=== Begin Enclosure ===
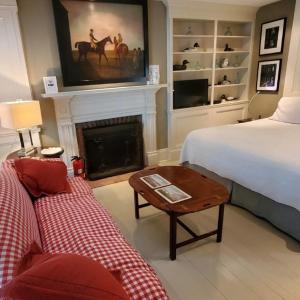 Deluxe King Suite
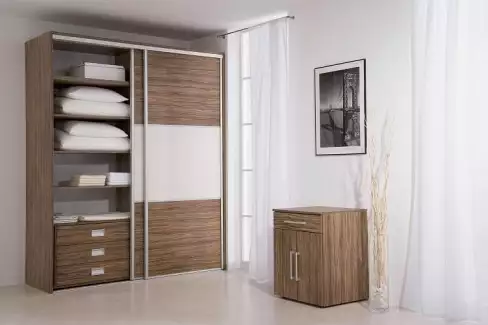 Stylová vestavná skříň s velkým úložným prostorem do ložnice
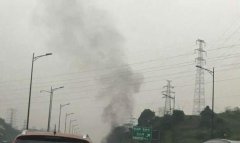内环快速路一轿车自燃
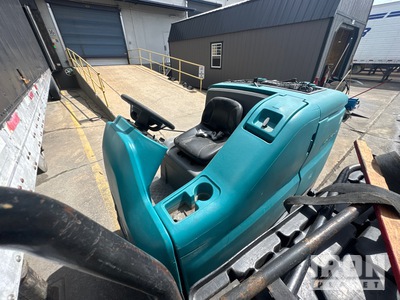2012 (unverified) Tennant T17 Ride-On Electric Sweeper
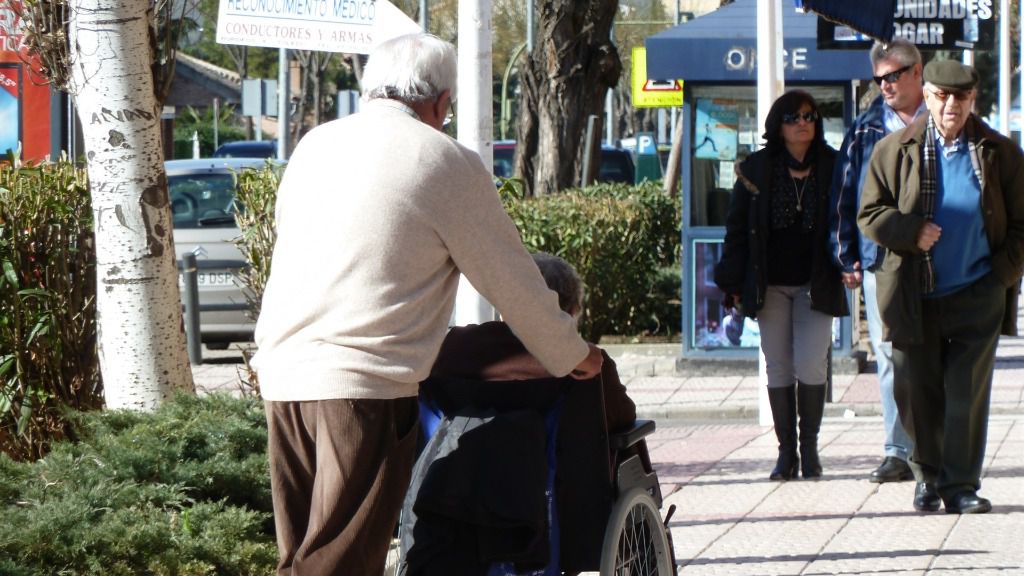 ancianos dependencia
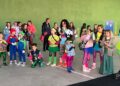Niños y papás disfrutan de la animación y la música en la fiesta de Carnaval de Monterrubio
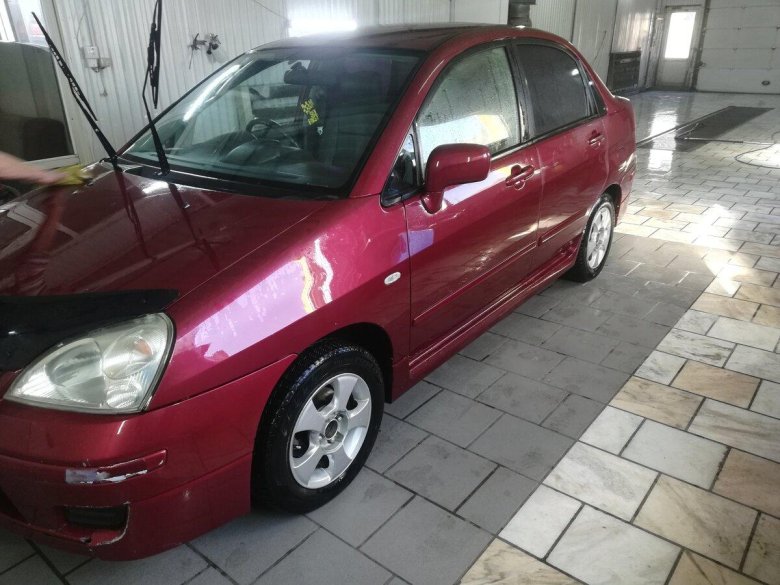 Suzuki liana i
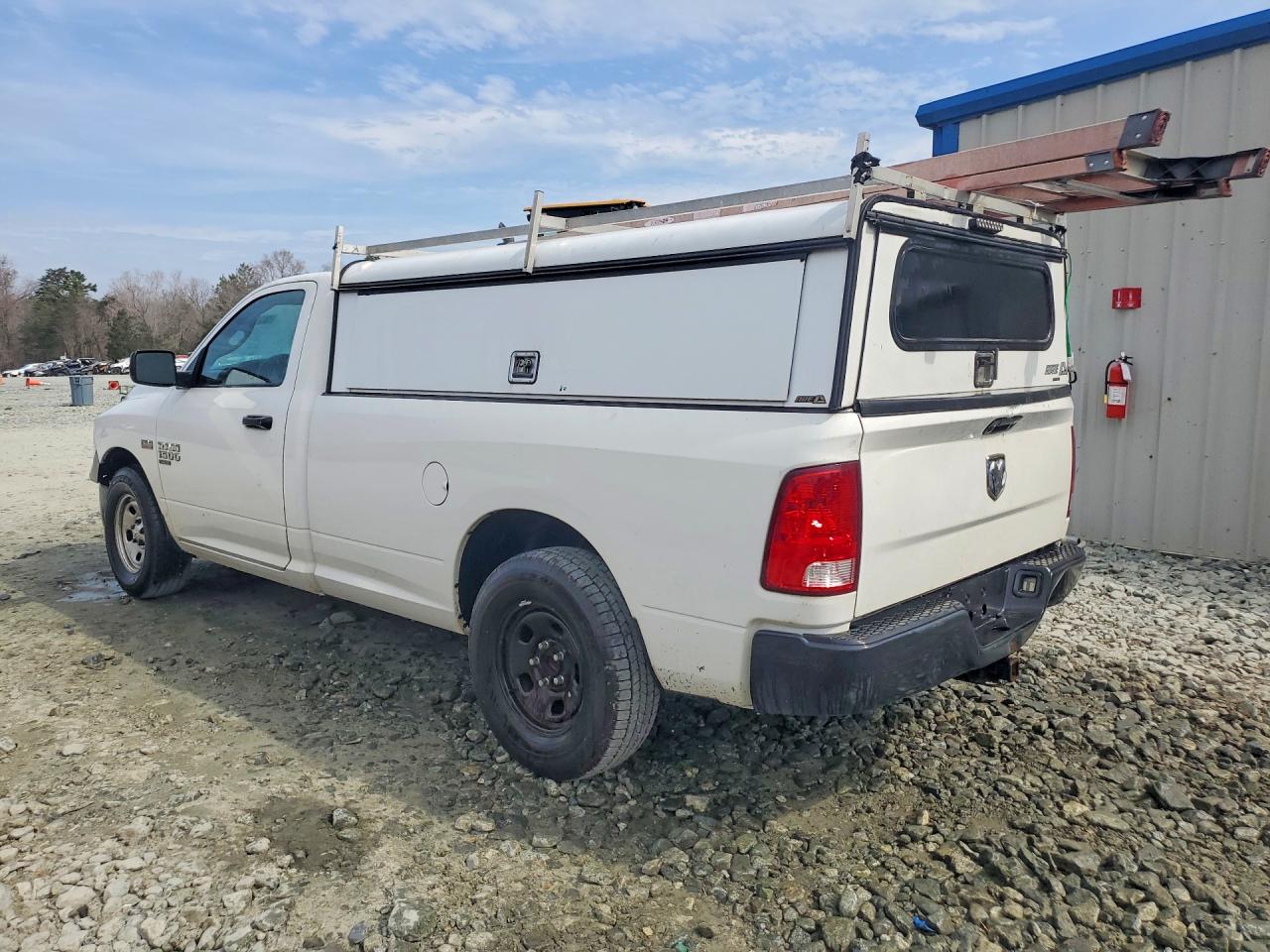 2019 RAM 1500 CLASSIC TRADESMAN — снимка 2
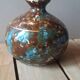 Single-flower vase in glazed Limoges porcelain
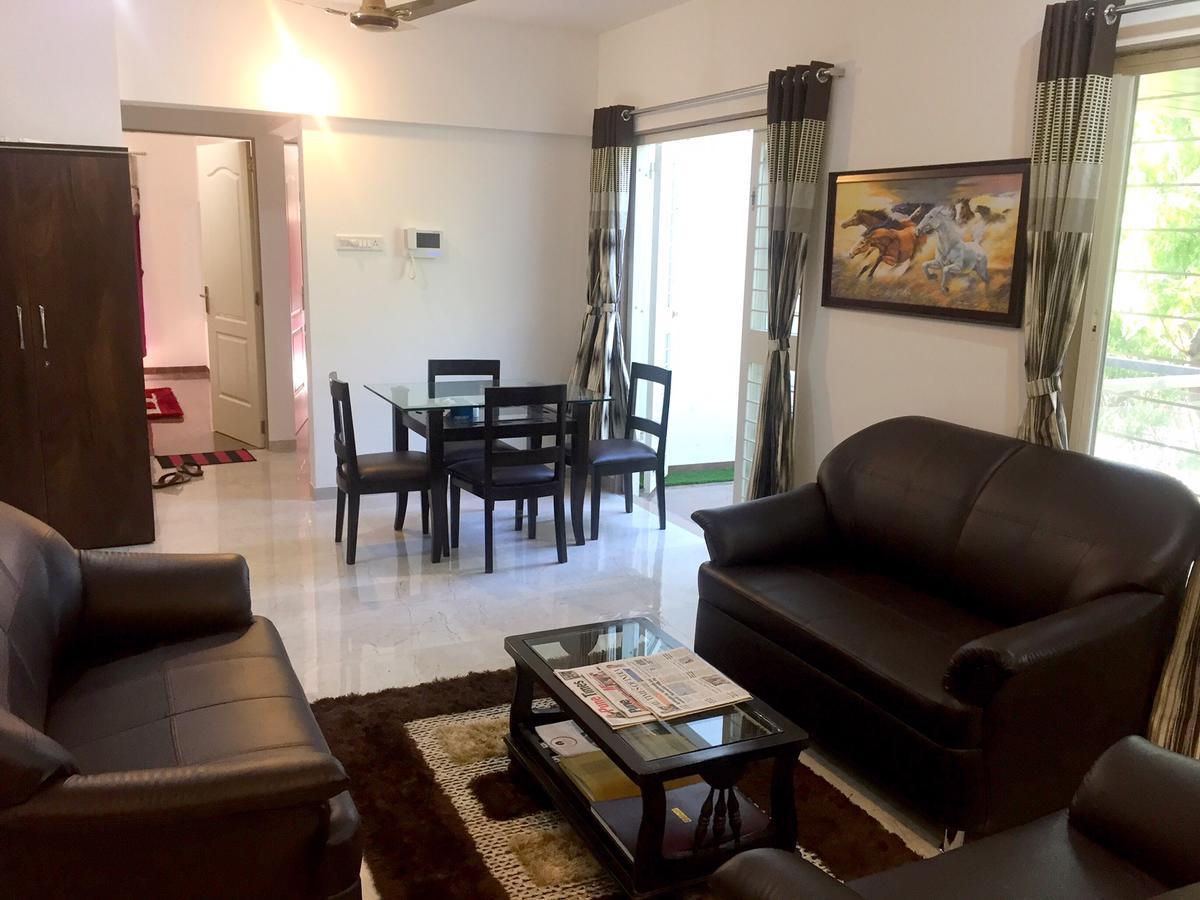 Veridical Hospitality, Baner - Pune Bed & Breakfast Dış mekan fotoğraf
=== End Enclosure ===
Repeat word for word only the lines from the line holding "Single-flower vase in" to the final line of the material, both included. Don't carry over any picture.

 Single-flower vase in glazed Limoges porcelain
 Veridical Hospitality, Baner - Pune Bed & Breakfast Dış mekan fotoğraf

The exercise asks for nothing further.